Modern Ireland, 1939-1975

Module code: HS2331

Ireland in 1945 was a tale of two countries: part of Europe, yet a place apart. Irish political leaders could not ignore the fruits of the post-war settlement – prosperity, liberal social values, and the welfare state – and this tide inevitably washed upon Irish shores. Independence, achieved in 1922, and only formally in 1949, remained for many an experiment as much as a reality. The weakness of official political culture was more than outweighed by the enormous social and cultural power of the Catholic Church, as forcefully outlined in Paul Blanshard’s The Irish and Catholic power (1953). The Church controlled most schools, universities and hospitals, often stepping in to fill the holes in the patchwork quilt of the Irish ‘welfare state’. Yet by the early 1960s the Church’s power was in serious decline. 

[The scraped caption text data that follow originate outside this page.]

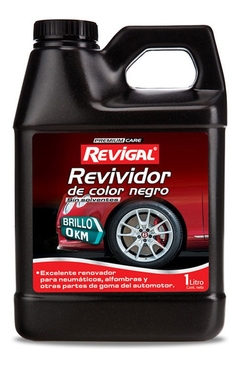 Revividor De Color Negro Revigal 1litro - comprar online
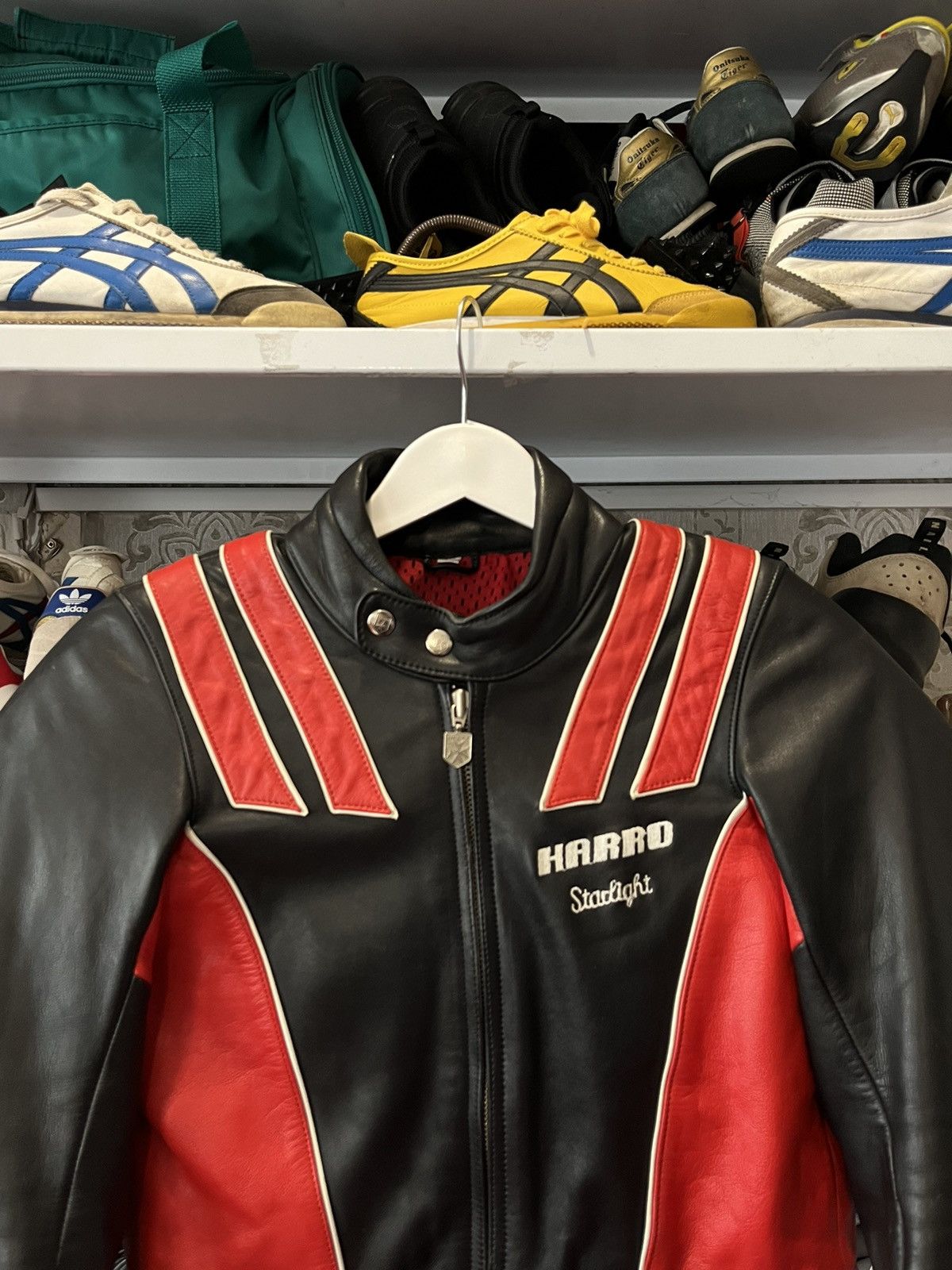 Vintage Vintage Sport Selection By Polo Leather Motorcycle Jacket Size S / US 4 / IT 40 - 3 Thumbnail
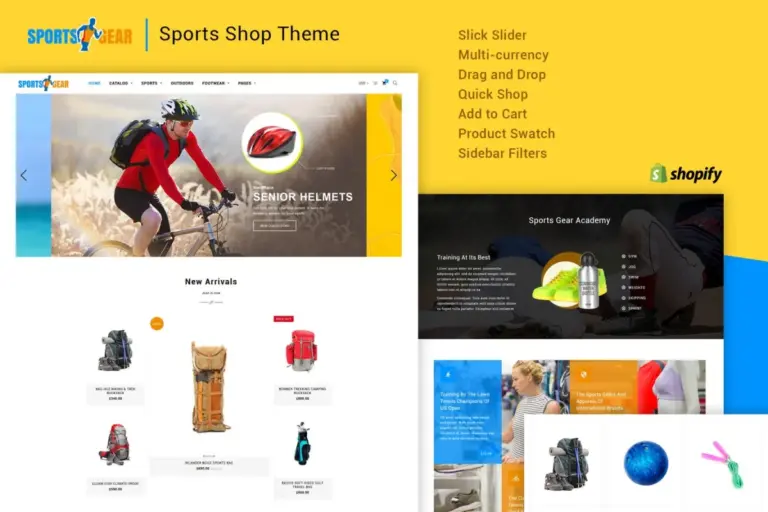 sports gear sports shop shopify theme 1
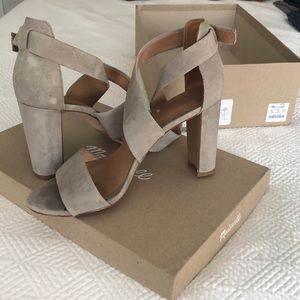 Madewell Wrap-Around High Heel Sandals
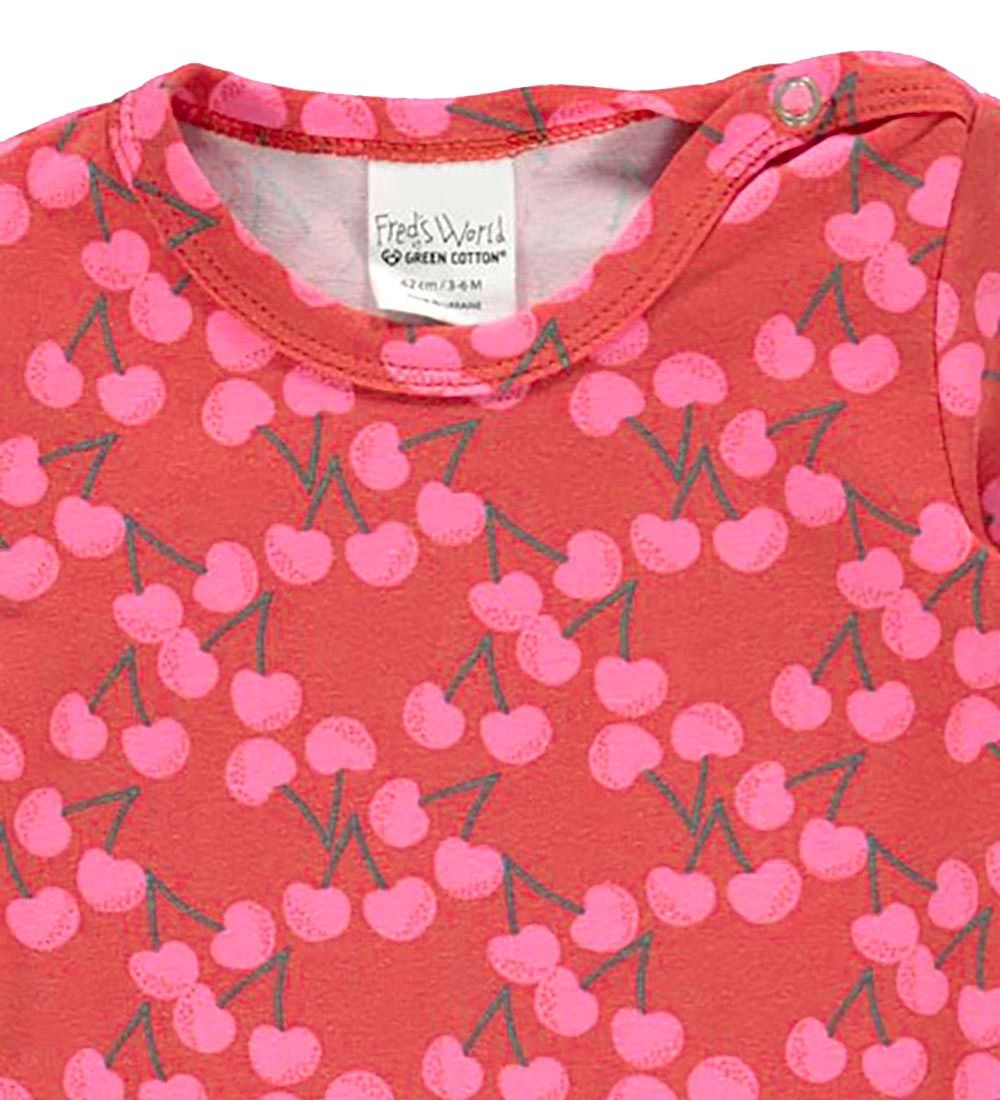 Freds World Body L/Æ - Cherry - Cranberry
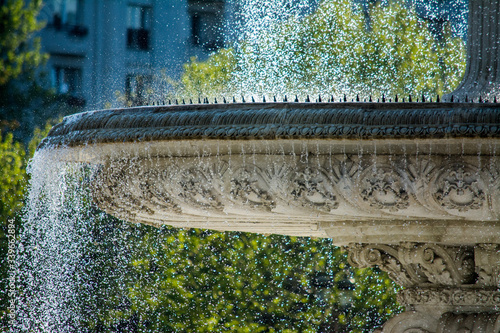 Fountain of Bucharest photo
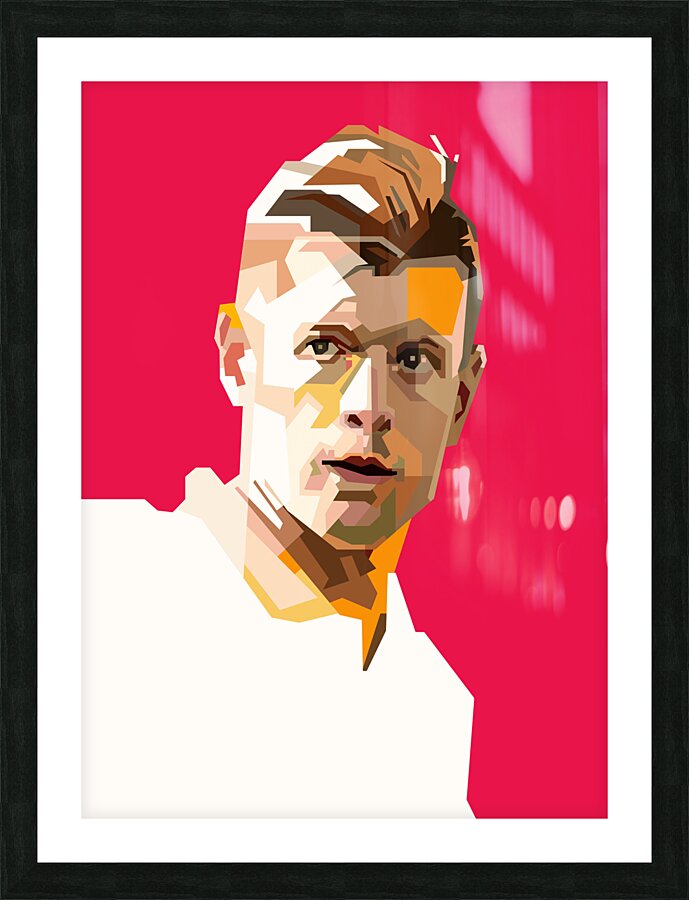 Toni Kroos German Footballer Picture Frame print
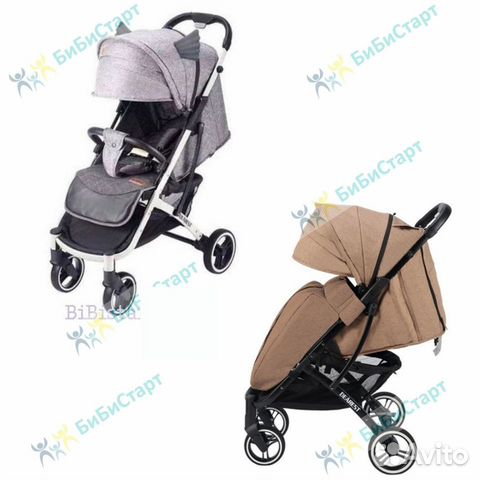 Прогулочная коляска Deаrest 818 Plus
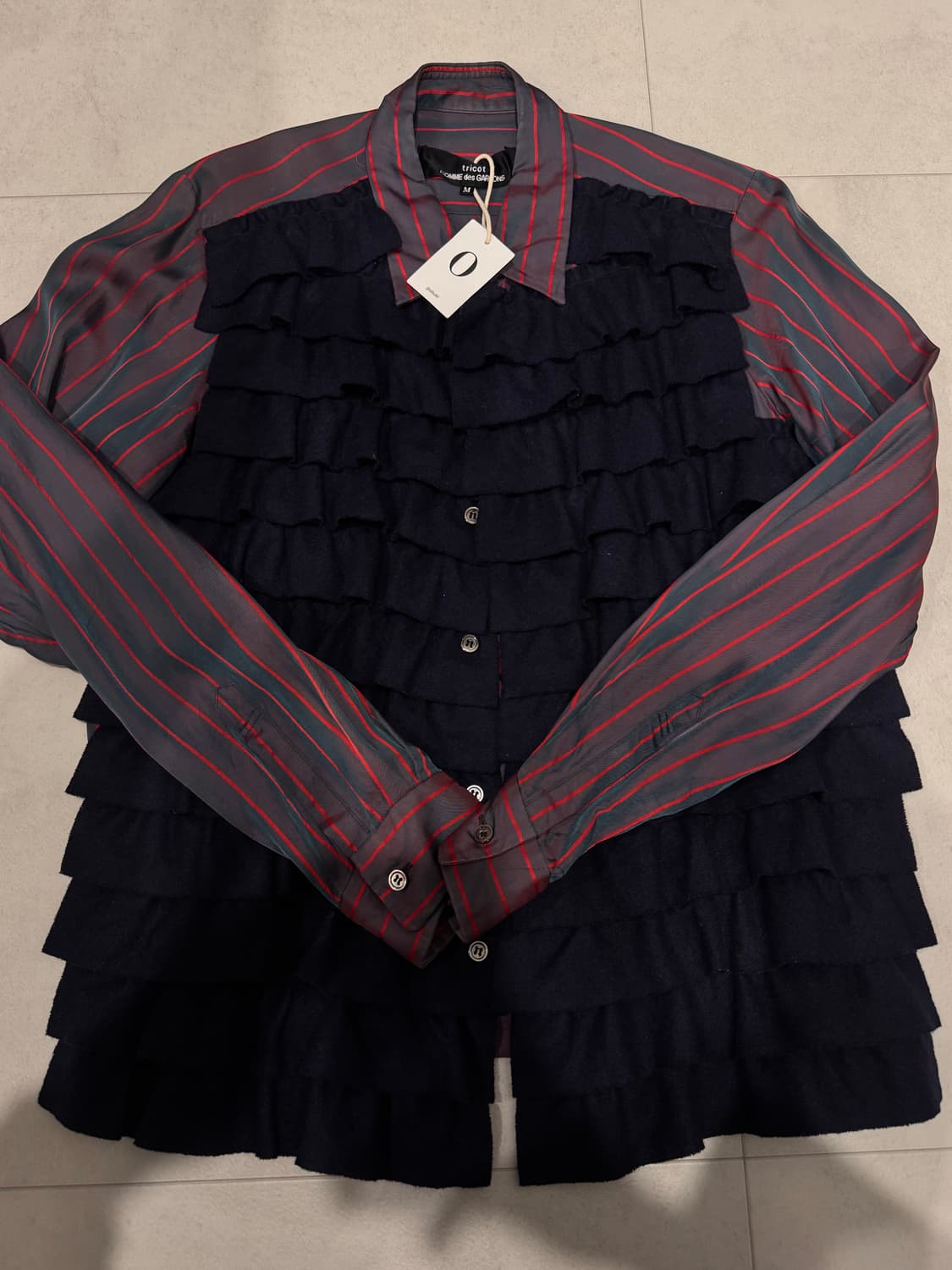 꼼데 트리콧 셔츠 상품이미지1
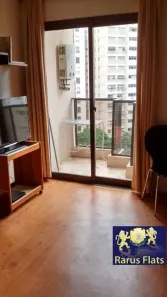 Flat com 1 Quarto para alugar, 45m² no Jardim Paulista, São Paulo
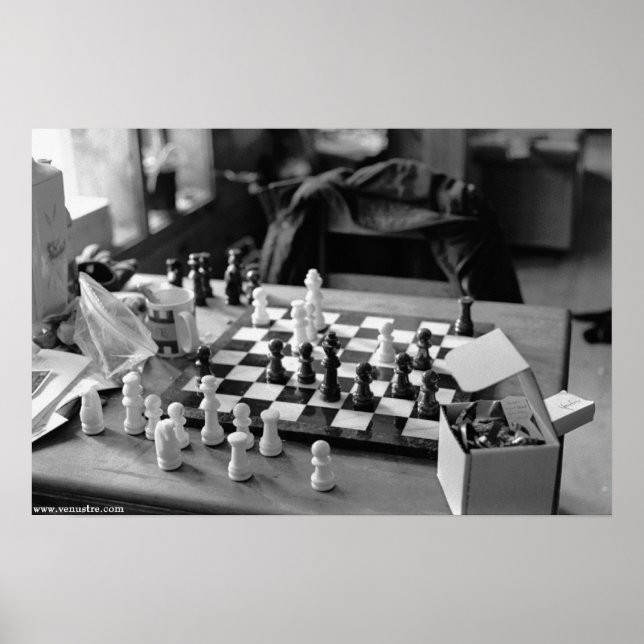 Large Chess Poster (Front)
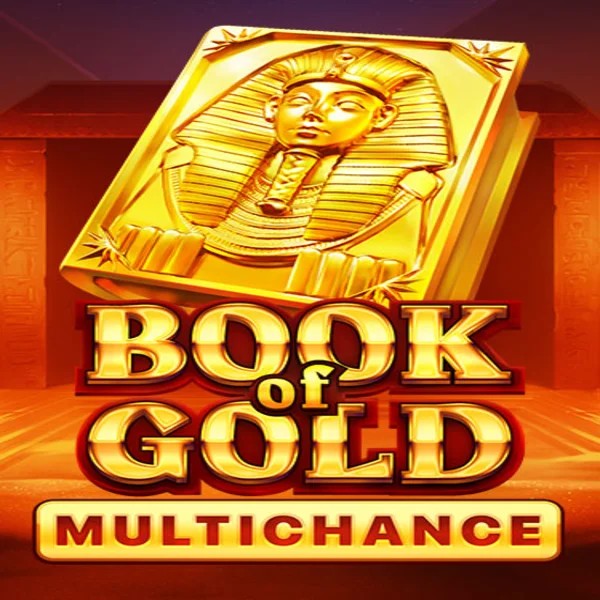 Enjoy Book of Gold Multichance by Playson – logo hosted on leonkazino.org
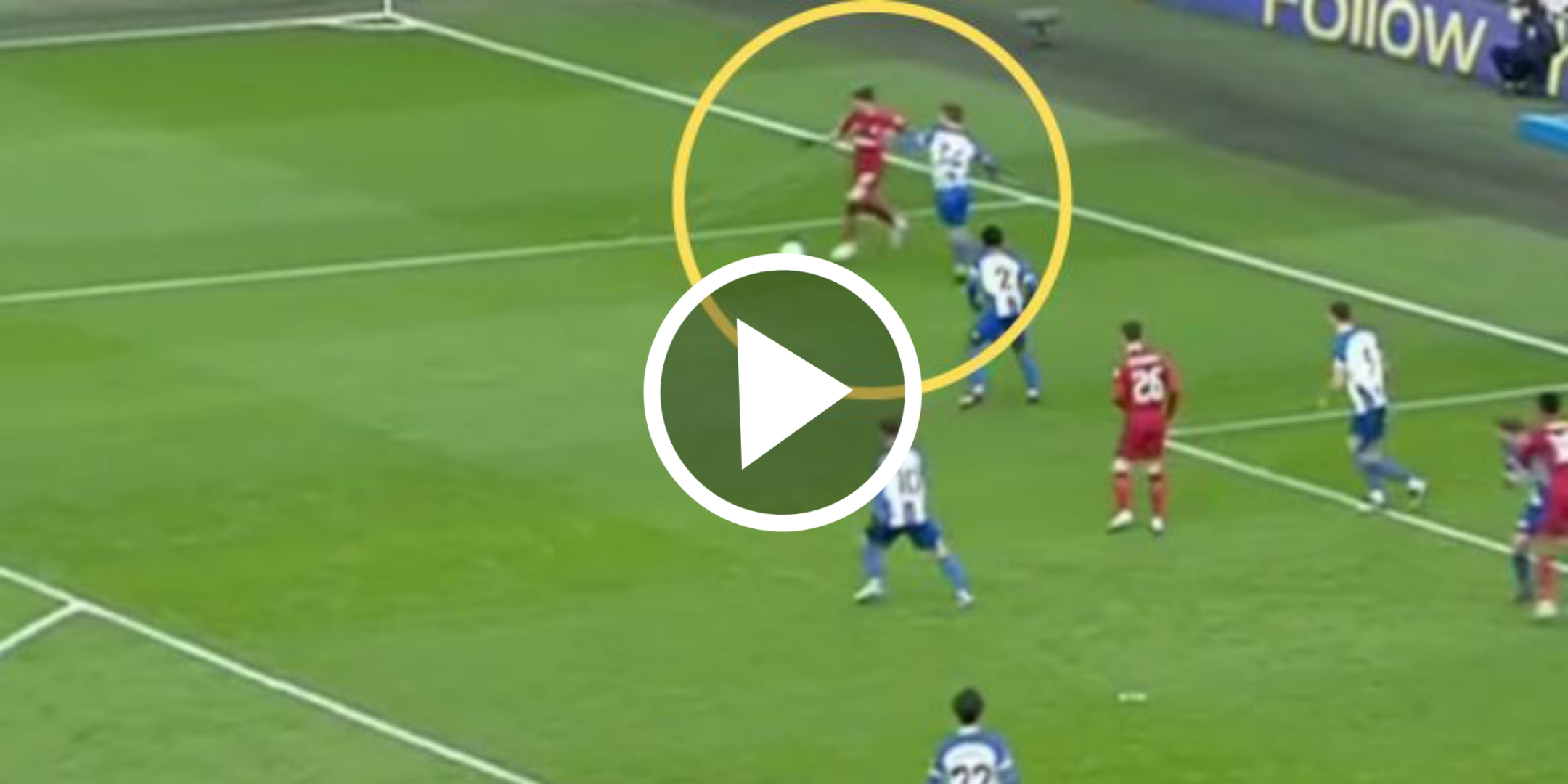 (Video) Watch Darwin Nunez’s Brighton highlights as the Uruguayan impresses and continues his return from injury 13 Sportelo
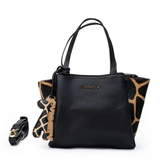 BOLSO LATERAL PRINT NEGRO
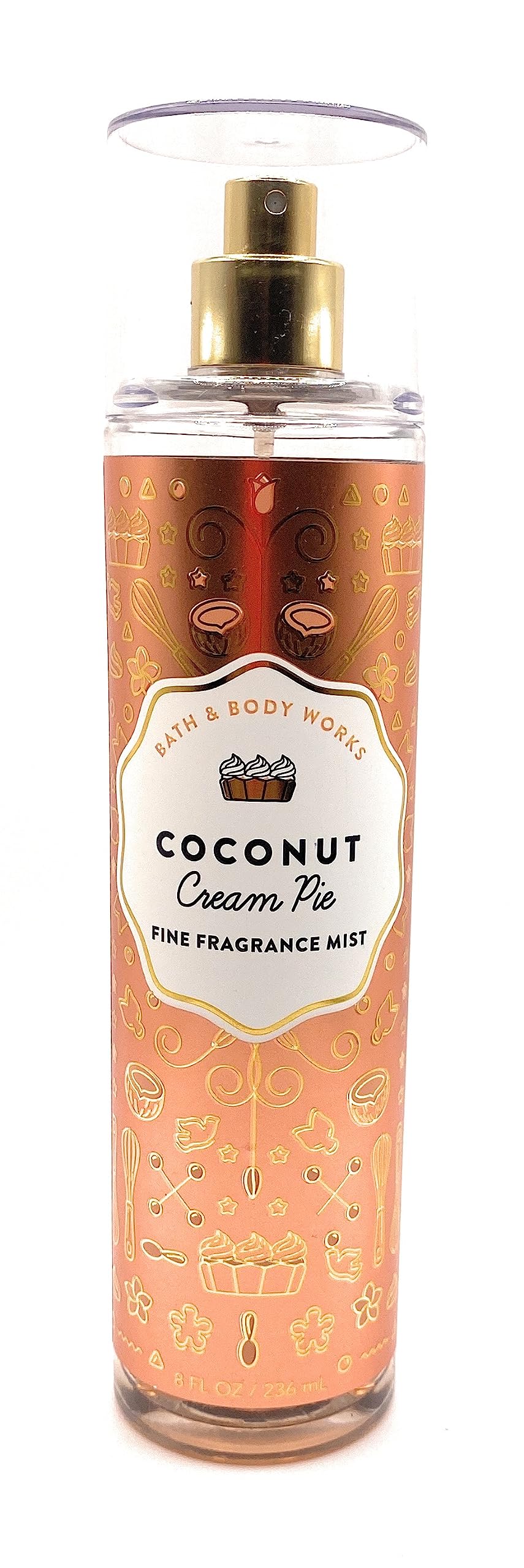 Amazon.com : Bath & Body Works Coconut Cream Pie Fine Fragrance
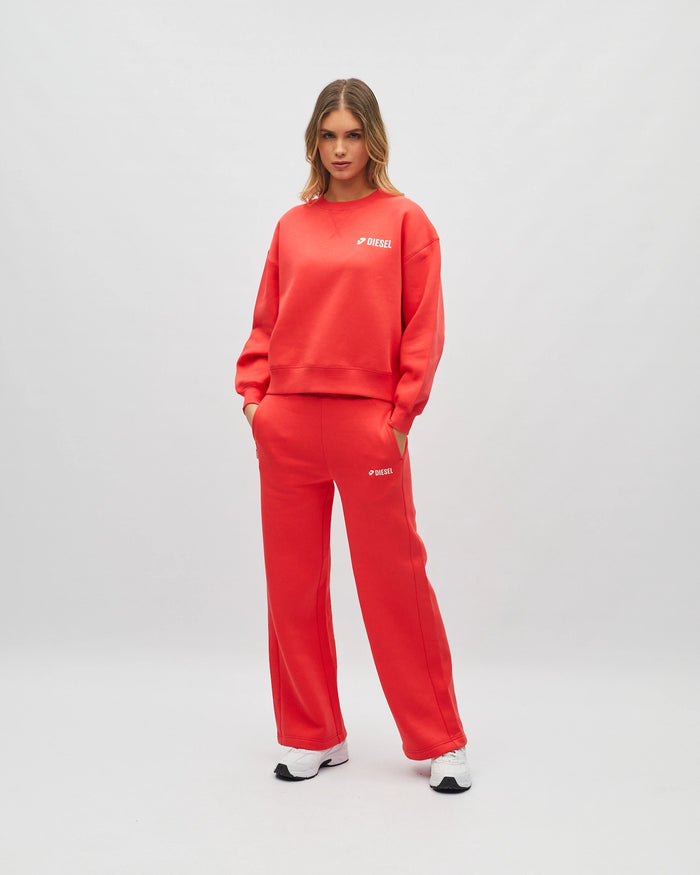 Haisley Sweatshirt Powder Red
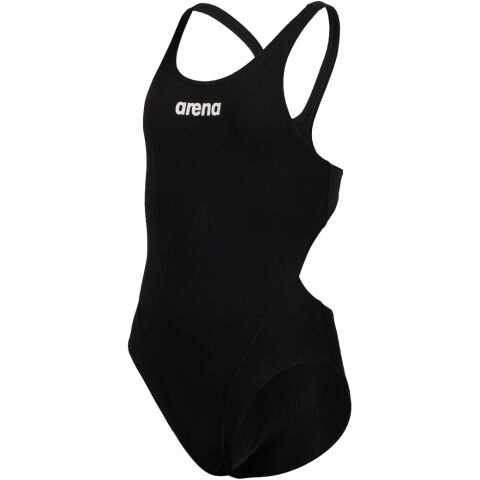 G TEAM SWIMSUIT SWIM TECH SOLID KIZ ÇOCUK YÜZÜCÜ MAYOSU /BLACK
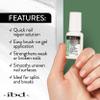 IBD 5 Second Brush On Nail Glue Gel Resin  Strong Nail Glue for Broken, Cracked & Split Natural Nails, NailBond Repair & Strengthening for Wraps  6g, 3 Count view 4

This module offers a political history of Ireland during a period of enormous social and cultural change from 1945 to Ireland’s entry into the European Economic Community in 1973. We will use theoretical concepts of cultural hegemony, elite formation, discipline and governmentality to analyse the power of the Catholic Church in both high politics and everyday life, and we will look at case studies including women’s history, rural culture in the 1950s, and the control of town planning and the built environment in cities. We will also analyse the writings of dissidents and radicals that pushed against the political consensus of the time, and study the effects in Ireland of the outbreak of the ‘Troubles’ in Northern Ireland.